The current default in multilingual NLP is to translate English benchmarks and call it adequate evaluation. This is insufficient. A model can score 80% on a translated Persian MMLU and still be completely unable to reason about a common Persian idiom or interpret an Iranian legal document. We don’t actually know how well our best models perform in most of the world’s languages, because we haven’t built the evaluation infrastructure to measure it properly.

The evaluation gap is upstream of the training gap. You can’t close the training gap if you can’t measure it accurately. That’s the argument for MELAC, and for similar work in other languages — not just as academic benchmarks, but as prerequisites for responsible deployment.

The full MELAC paper, including methodology, dataset details, and complete results across all 41 models, is available on arXiv. If you work on multilingual NLP, LLM evaluation, or deploying models for non-English audiences, I’d genuinely like to hear your perspective. Find me on LinkedIn or GitHub.

What makes Persian a “low-resource” language if it has over 100 million speakers?

Speaker count and digital resource availability don’t always correlate. Persian has a large speaker base, but its representation in LLM pretraining corpora is a small fraction of English.
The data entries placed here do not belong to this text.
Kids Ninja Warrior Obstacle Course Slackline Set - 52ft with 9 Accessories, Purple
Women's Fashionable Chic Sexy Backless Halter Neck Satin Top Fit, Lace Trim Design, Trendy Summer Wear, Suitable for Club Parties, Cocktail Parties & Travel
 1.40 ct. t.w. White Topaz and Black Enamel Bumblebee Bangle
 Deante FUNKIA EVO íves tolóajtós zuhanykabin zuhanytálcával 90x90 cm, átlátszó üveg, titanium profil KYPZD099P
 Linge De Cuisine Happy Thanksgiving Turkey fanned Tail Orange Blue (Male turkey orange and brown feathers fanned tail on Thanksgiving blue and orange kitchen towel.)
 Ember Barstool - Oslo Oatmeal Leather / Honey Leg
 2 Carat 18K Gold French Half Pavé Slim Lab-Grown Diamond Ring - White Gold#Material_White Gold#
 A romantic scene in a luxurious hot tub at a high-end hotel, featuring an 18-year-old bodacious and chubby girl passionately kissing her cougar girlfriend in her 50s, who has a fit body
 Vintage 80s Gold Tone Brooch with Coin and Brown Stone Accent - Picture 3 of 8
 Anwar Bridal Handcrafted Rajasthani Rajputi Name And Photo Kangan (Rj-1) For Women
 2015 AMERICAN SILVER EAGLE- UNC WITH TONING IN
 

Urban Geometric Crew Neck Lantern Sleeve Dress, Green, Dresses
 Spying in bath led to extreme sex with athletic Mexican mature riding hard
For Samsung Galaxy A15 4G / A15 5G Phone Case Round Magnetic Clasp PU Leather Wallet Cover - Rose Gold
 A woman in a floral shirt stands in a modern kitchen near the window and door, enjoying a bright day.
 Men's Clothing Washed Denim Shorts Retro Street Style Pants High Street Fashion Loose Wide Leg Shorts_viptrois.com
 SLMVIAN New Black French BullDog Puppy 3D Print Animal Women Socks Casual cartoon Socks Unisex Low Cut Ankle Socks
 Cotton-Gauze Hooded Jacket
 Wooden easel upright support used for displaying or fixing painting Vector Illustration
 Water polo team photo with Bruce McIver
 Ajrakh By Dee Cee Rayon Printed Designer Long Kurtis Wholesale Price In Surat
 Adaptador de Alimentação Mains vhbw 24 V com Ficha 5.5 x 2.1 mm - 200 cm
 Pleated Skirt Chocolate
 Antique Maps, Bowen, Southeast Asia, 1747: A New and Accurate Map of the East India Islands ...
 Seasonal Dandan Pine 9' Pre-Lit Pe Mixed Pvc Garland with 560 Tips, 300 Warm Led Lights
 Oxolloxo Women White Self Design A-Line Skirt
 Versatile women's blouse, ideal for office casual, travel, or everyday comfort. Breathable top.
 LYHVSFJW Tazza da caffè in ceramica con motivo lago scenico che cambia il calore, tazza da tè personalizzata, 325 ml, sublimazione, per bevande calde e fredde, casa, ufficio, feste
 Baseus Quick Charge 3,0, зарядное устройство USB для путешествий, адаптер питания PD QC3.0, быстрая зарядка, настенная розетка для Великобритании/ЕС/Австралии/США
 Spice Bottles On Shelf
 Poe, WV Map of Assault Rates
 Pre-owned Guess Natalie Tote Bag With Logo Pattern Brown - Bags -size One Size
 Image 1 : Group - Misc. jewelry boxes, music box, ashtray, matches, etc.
Compounding this, most evaluation benchmarks were built for English and later translated — introducing artifacts that make Persian-language tests less reliable as measures of actual language competence. “Low-resource” in NLP refers to the ecosystem of data, tools, and evaluation infrastructure, not just raw text volume.

Can the MELAC datasets be used to fine-tune or evaluate other models?

That’s one of the primary goals. The datasets were designed to be reusable by the research community — both for evaluating new models as they’re released and as a basis for fine-tuning experiments. Details on access and licensing are included in the paper. If you’re working on Persian NLP and want to discuss usage, reach out directly.

How does MELAC differ from other Persian NLP benchmarks like ParsBench?

The key distinction is scope and cultural grounding. Existing benchmarks tend to cover narrow task ranges and frequently include translated English content. MELAC covers six categories — including Persian legal reasoning and cultural knowledge — with datasets that were created natively rather than translated. The 41-model comparison also makes it one of the largest evaluations of LLMs specifically on Persian to date.

Will this work extend to vision-language models in Persian?

Yes — and that work is already underway. My ACL 2025 paper, “Persian in a Court: Benchmarking Large Vision-Language Models,” extends this evaluation paradigm to the multimodal setting. The findings mirror MELAC in important ways: cultural visual knowledge is an even steeper gap than textual cultural knowledge, and fine-tuned smaller models again fail to match the performance of large generalist frontier models.